Radical measures that have a strong impact on the national health scheme, the primary education system, welfare benefits and the working conditions of public sector employees are being carefully concealed from the electorate. Several unions and professional associations know of these measures and have expressed their opposition to them but they have decided not to speak about them in public as the PN electoral programme will say nothing about them.
The PN is concealing its real agenda once again in government. This is not the first time that the PN introduces unpopular measures that were never mentioned in the electoral campaign. In fact, the PN is keen to make people forget the pain it caused them since 2003 and is now trying to spread a good feel factor in the country till the election takes place.
During the referendum and general election campaigns in 2003 the Nationalist Party told voters that the country’s finances were in very good shape, that economic prosperity, a new way of doing politics, new civil rights, a better quality of life, a new everlasting spring, etc., were all round the corner… provided that the majority voted again for five more years of Nationalist Party government.
An increasing number of people who voted PN in 2003 feel cheated and betrayed. Instead of the “dawn of a new spring” they faced several harsh winters of higher taxes and bills for public utilities. Thousands of families and pensioners find it very hard to make ends meet and it has become more difficult for businesses to operate in a viable and sustainable way.
When presenting its government programme in May 2003, the PN promised to ensure that it was “intended to benefit all people without exception; not only in the sense that it rejects and steers clear of political division and partisan differences, but also that it promotes an ever more inclusive society.”
Since then a large number of Nationalist voters abandoned the party because they feel let down by their party. Talking to them I get the feeling that they believe it was not them who left the party but it was the party who left them. They feel left out as they do not belong the network of the well-connected in the PN. They feel angry at the arrogance shown by those who have been in power for nearly 20 years and disgusted by the way corruption has been allowed to spread and fester.
A sizeable segment of PN voters also feels let down by the PN promise of a new dawn in 2003, based on the repeated declaration that public finances were on sound footing. Once the general election of 2003 was over and won, instead of a new spring the PN rediscovered the old public deficit. The PN government started raising taxes and eroded families’ and pensioners’ purchasing power, bringing about a deterioration of their quality of life. This is not what they had promised during the election campaign. It was not the first time that the PN had tried to deceive the people.
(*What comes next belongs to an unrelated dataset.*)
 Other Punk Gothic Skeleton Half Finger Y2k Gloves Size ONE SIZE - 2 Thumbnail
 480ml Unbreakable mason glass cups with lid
In the summer of 1996 the Nationalist Party opted for an early election not to let the truth about the public deficit come out into the open. Former Minister John Dalli had warned Prime Minister Fenech Adami about the public deficit but during the 1996 election campaign, no mention was made of it. The PN promised to raise welfare benefits when it knew that it did not have the money to do so.
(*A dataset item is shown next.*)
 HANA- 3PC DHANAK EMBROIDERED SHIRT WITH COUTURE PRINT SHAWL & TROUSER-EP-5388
During the months of the referendum and general election campaigns in 2003, the Nationalist government did not publish any statistics about the state of public finances, as it wanted to conceal the fact they were growing. Meanwhile it mounted huge billboards saying the public finances were on a sound footing and its leaders claimed in their speeches that the deficit was being contained and reduced when the opposite was happening.
For the PN, the sound of silence is more eloquent than the nice promises they make on the eve of one election after another.